The middle range is where eviction actually does work; the sink and recent ranges are non-evictable.

Score accumulation

Per-token attention mass is accumulated as:

state.score[batch, token] += sum_over_heads(attn_probs[batch, head, *, token])

That is: for each token in the cache, sum the attention probability that all queries at this step paid to it, summed across all heads. The accumulation runs every step; over time, tokens that are repeatedly attended to by many heads accumulate large scores; tokens that are attended to once or twice fade.

Cross-head, not per-head. This is a defensible default but it has a downside: heads that specialize (e.g., one head dedicated to attention sinks, another to retrieval) get averaged together. Per-head policies are sometimes superior in production; this implementation does not currently expose that knob. PRs welcome.

When eviction triggers

evict_every=N controls how often _maybe_evict actually runs. Default is 1 (every step). Larger values reduce per-step overhead but increase peak cache size between evictions:

peak_cache_size <= n_sink + budget + n_recent + (evict_every - 1)

For most workloads evict_every=1 is fine. If the eviction step shows up in profiling as a measurable cost (rare, since argpartition on a few thousand floats is fast), increase to 8 or 16.

Edge cases

A few cases the code handles explicitly:

  • Cache below threshold. If len(cache) <= n_sink + budget + n_recent, _maybe_evict is a no-op. No eviction happens until the cache grows past the budget.
  • First call. The accumulated score tensor is initialized lazily on the first forward pass once we know batch size and current cache length.
  • Cache reset between generations. reset_eviction_scores(model) zeroes all accumulated scores. Call this between independent generations; otherwise the previous generation's heavy hitters bias the next one.
  • Model on multiple devices. The score tensor lives on the same device as the cache. With device_map="auto" model sharding, each layer's score lives on its layer's device; nothing special to do.

Failure modes to watch for

If eviction breaks, you'll typically see one of these:

  • Repetitive garbage output -> sinks were evicted. Verify n_sink >= 4 and that index 0 of key_cache is preserved across eviction calls.
  • Topical drift / stale context -> recent window too small. Increase n_recent.
  • Sudden quality cliff at long context -> heavy-hitter score accumulation has saturated or normalized incorrectly. Check that state.score is being updated every step (not just on eviction-trigger steps).
  • Memory growing despite eviction -> the cache class is not DynamicCache and the patch's slicing assumptions don't hold. Print type(past_key_value) from inside the patched forward to verify.

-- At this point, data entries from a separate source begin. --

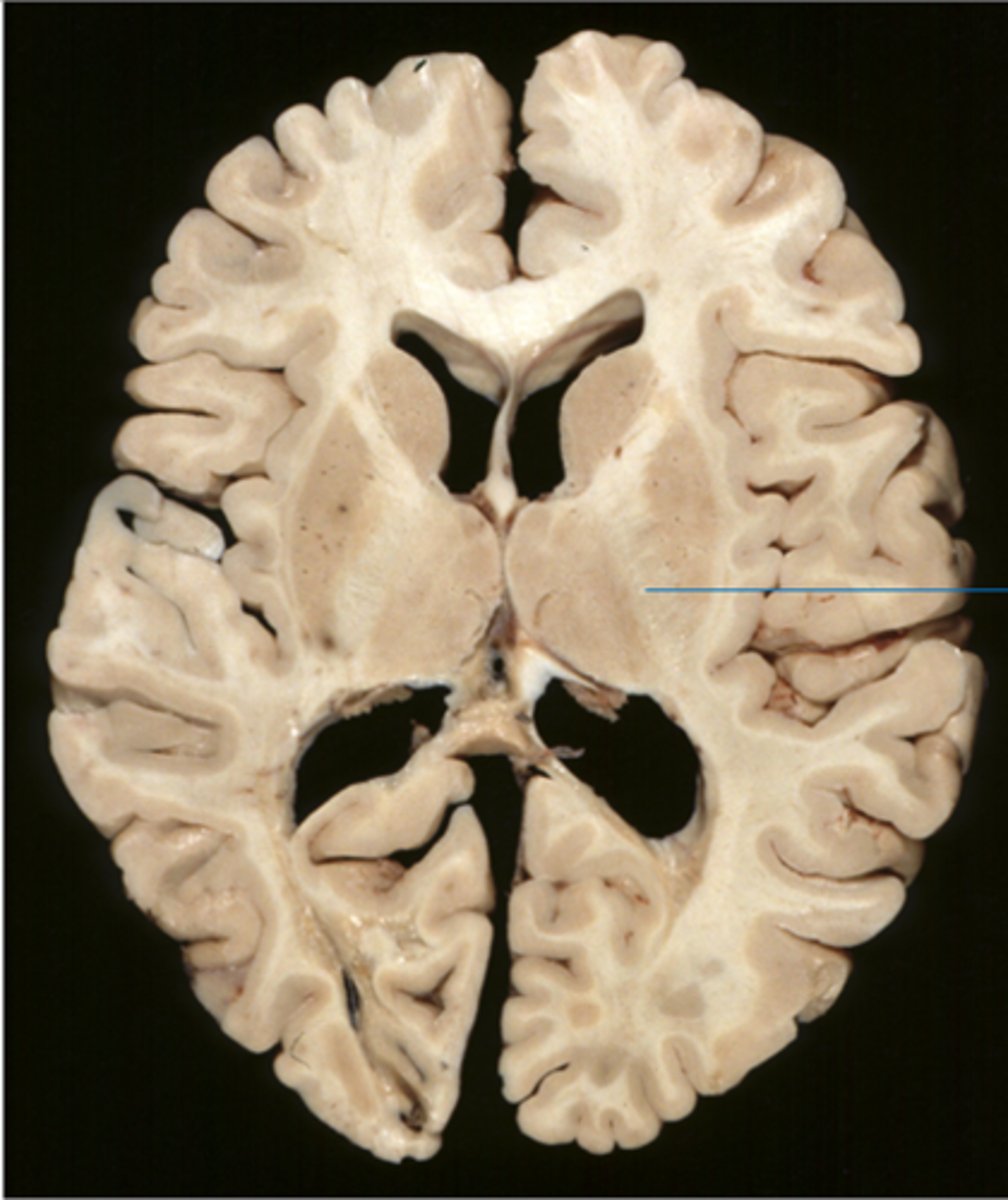 <ul><li><p><strong>Corticospinal motor tract</strong> to UE, trunk, LE (rostral); (FAL)</p></li><li><p><strong>Somatosensory pathways</strong> from UE, trunk, LE (caudal) (fal)</p></li></ul>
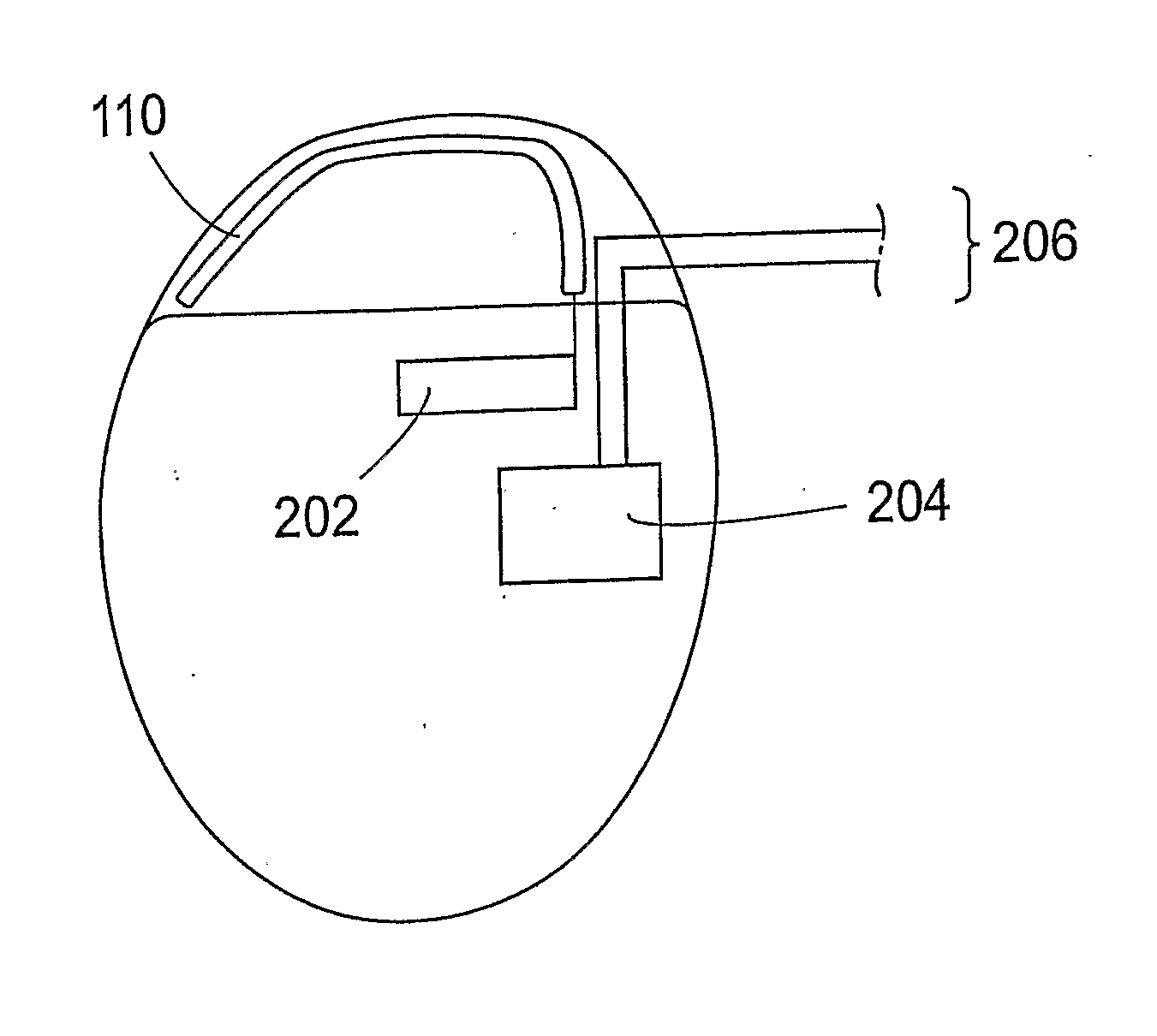 System, an apparatus and a container for storing an implantable medical device, and a method for packaging such a device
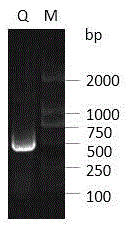 Fusion protein SUMO1-PLA2, and preparation method and medical use thereof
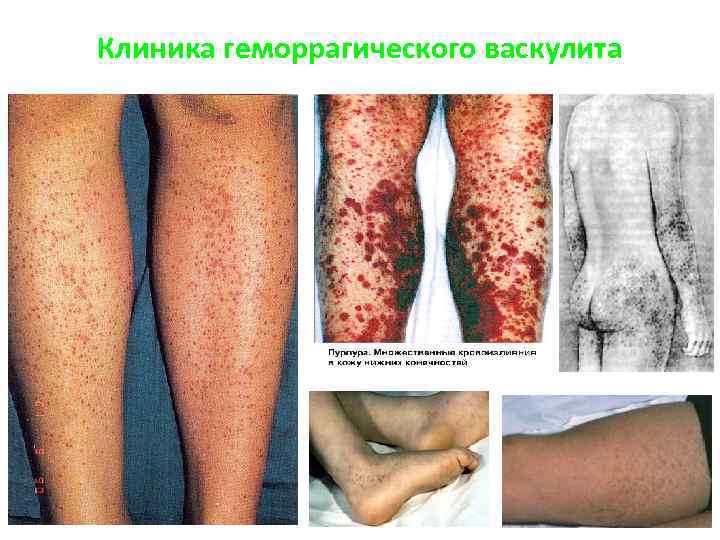Клиника геморрагического васкулита 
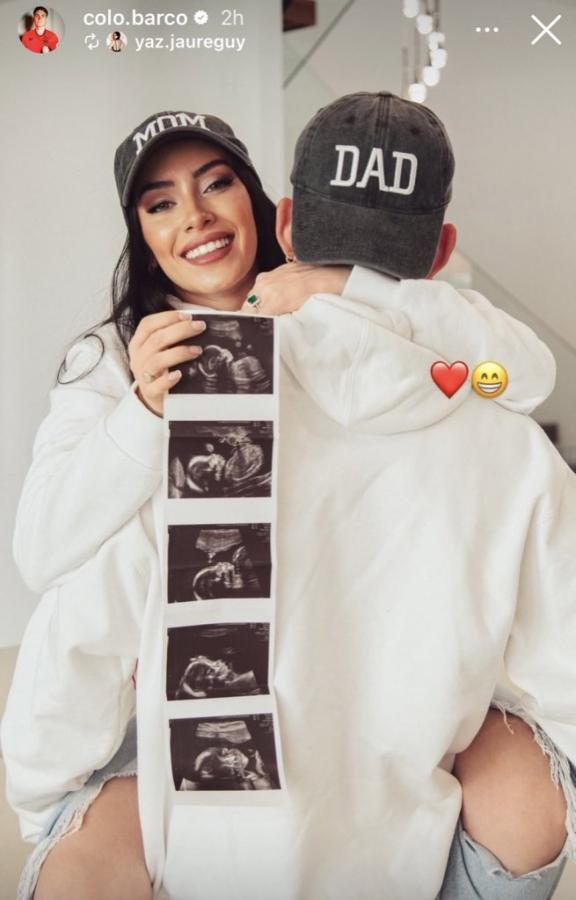 Imagen La imagen de la ecografía del hijo que espera Valentín Bargo junto con su compañera Yaz Jaureguy.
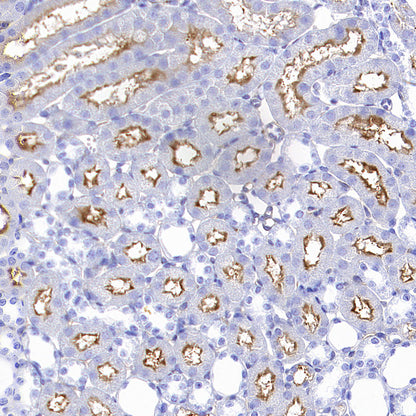 FOLR1 Recombinant Rabbit mAb (SDT-3635-124)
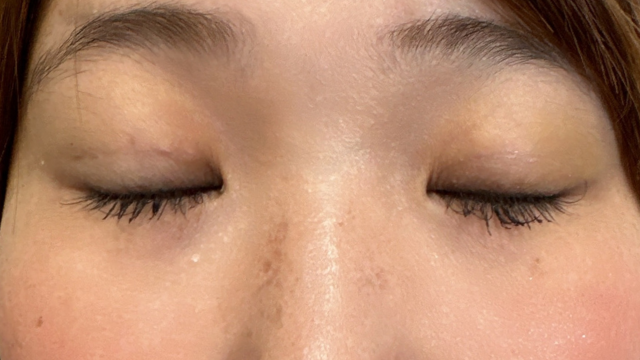 Postoperative Condition Part 1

Porting to a different attention class

To adapt this patch for non-MLA attention (Llama, Qwen, Mistral, Gemma standard MHA / GQA):

  1. Find the attention class in the relevant transformers/models/<arch>/modeling_<arch>.py.
  2. Identify how it stores K/V in the cache. Most use DynamicCache with [batch, heads, seq, head_dim]. MLA stores expanded K/V at [batch, heads, seq, qk_dim] and [batch, heads, seq, v_dim] separately because qk_dim != v_dim. For uniform-dim attention, the slicing in _maybe_evict simplifies.
  3. Replace the DeepseekV3Attention class lookup in install_kv_eviction with the relevant class.
  4. Verify the attention probability tensor shape returned by the original forward; the score-accumulation code assumes [batch, heads, q_len, k_len].

The H2O recipe itself does not need to change; only the cache management code does.

Testing methodology

The smoke test in src/kv_eviction_mla.py exercises the eviction-decision logic on a _FakeCache that mirrors DynamicCache's structure but skips the model. Real-model validation requires a GPU and a checkpoint. We recommend:

  1. Run the smoke test (no GPU required) to verify the patch logic.
  2. Patch a small DeepSeek/Kimi model (e.g., a 1B or 7B variant) and run a perplexity-sweep notebook on a public benchmark prompt set.
  3. Run RULER 128K NIAH at your target budget. Compare to full-cache baseline.
  4. Stress-test on your actual workload distribution.

A canonical RULER benchmark with this code is in the project roadmap.